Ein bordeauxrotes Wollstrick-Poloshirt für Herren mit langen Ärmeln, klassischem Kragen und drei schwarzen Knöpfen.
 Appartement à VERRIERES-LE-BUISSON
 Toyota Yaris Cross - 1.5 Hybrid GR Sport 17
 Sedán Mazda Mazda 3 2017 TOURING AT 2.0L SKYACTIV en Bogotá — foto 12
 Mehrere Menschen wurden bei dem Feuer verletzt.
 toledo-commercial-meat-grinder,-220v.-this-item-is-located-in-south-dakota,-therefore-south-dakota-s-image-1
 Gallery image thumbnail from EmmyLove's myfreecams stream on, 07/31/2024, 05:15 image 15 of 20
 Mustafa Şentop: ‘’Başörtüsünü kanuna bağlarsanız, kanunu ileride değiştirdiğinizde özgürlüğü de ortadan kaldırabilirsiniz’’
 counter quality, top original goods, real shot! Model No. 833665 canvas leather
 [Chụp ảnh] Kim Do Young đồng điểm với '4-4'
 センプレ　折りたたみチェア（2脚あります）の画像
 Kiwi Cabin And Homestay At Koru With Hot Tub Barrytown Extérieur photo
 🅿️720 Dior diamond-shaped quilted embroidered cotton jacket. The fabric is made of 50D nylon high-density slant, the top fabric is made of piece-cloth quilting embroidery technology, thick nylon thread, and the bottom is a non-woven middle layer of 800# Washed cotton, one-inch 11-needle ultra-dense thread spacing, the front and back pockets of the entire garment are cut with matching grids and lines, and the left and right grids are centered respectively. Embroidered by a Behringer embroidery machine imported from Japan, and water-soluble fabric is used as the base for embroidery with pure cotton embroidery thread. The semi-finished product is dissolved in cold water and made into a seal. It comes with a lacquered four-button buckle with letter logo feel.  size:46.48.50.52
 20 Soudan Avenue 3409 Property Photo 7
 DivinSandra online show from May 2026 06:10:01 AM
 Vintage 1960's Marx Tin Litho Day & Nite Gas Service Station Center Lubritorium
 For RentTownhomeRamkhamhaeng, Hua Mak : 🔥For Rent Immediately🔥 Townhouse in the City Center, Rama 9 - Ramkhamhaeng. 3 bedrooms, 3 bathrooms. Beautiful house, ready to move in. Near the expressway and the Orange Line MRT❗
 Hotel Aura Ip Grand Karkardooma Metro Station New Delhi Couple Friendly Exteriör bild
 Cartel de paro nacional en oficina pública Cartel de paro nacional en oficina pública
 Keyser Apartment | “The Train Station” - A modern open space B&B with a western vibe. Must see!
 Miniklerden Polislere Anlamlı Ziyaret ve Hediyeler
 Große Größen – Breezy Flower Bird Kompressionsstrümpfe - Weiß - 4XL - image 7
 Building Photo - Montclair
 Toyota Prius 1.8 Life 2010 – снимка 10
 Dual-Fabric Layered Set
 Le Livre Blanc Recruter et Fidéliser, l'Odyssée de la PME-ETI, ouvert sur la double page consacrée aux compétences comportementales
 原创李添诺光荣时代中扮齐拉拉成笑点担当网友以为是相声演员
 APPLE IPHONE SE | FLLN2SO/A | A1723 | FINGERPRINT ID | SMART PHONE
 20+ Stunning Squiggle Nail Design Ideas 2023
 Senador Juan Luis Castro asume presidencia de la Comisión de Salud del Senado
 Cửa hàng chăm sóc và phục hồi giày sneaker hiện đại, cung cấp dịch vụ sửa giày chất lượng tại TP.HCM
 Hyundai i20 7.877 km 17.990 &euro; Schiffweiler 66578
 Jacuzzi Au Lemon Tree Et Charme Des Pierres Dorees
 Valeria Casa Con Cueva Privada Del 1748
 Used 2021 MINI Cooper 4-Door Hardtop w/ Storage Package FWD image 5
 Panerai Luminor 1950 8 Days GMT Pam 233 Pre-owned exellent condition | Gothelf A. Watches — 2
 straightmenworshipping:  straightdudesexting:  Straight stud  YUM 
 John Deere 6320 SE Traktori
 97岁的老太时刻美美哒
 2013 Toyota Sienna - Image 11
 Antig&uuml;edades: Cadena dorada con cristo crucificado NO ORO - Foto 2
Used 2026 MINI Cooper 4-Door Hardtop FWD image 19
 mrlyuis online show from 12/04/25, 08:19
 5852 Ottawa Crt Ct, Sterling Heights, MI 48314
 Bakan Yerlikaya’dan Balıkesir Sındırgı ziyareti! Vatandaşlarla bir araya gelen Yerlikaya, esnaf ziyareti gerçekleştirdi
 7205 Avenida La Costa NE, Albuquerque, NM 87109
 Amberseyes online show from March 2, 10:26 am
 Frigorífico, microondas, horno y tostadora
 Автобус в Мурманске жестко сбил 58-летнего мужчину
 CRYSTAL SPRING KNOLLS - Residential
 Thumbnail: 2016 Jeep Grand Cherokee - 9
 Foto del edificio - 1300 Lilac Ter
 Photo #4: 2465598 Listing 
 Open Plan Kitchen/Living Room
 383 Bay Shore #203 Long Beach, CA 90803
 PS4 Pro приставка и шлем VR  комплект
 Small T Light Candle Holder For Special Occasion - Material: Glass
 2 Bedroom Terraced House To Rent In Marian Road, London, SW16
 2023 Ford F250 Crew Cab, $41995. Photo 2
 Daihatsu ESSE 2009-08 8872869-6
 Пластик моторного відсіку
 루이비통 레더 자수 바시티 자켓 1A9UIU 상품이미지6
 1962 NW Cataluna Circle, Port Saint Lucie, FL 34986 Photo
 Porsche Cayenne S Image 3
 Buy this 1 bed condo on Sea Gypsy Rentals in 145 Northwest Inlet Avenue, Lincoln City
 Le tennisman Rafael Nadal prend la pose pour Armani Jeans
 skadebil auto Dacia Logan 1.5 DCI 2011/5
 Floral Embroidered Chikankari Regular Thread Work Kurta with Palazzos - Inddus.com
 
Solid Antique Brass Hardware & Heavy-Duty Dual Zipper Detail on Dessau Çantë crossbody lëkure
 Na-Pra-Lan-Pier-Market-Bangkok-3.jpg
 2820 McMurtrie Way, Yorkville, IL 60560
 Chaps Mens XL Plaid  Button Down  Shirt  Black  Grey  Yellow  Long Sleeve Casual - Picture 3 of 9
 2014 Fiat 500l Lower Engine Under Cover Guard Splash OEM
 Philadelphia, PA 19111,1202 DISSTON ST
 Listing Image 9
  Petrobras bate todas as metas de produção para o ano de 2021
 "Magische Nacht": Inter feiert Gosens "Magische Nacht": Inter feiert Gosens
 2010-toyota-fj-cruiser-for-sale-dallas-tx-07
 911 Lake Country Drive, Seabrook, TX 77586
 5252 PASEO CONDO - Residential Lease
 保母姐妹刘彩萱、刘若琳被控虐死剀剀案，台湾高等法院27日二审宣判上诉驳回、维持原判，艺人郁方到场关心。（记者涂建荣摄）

- _WORK TASK_
Look through the records above and please copy every line in which the string "this" occurs.

- _SOLUTION BELOW_
 toledo-commercial-meat-grinder,-220v.-this-item-is-located-in-south-dakota,-therefore-south-dakota-s-image-1
 Buy this 1 bed condo on Sea Gypsy Rentals in 145 Northwest Inlet Avenue, Lincoln City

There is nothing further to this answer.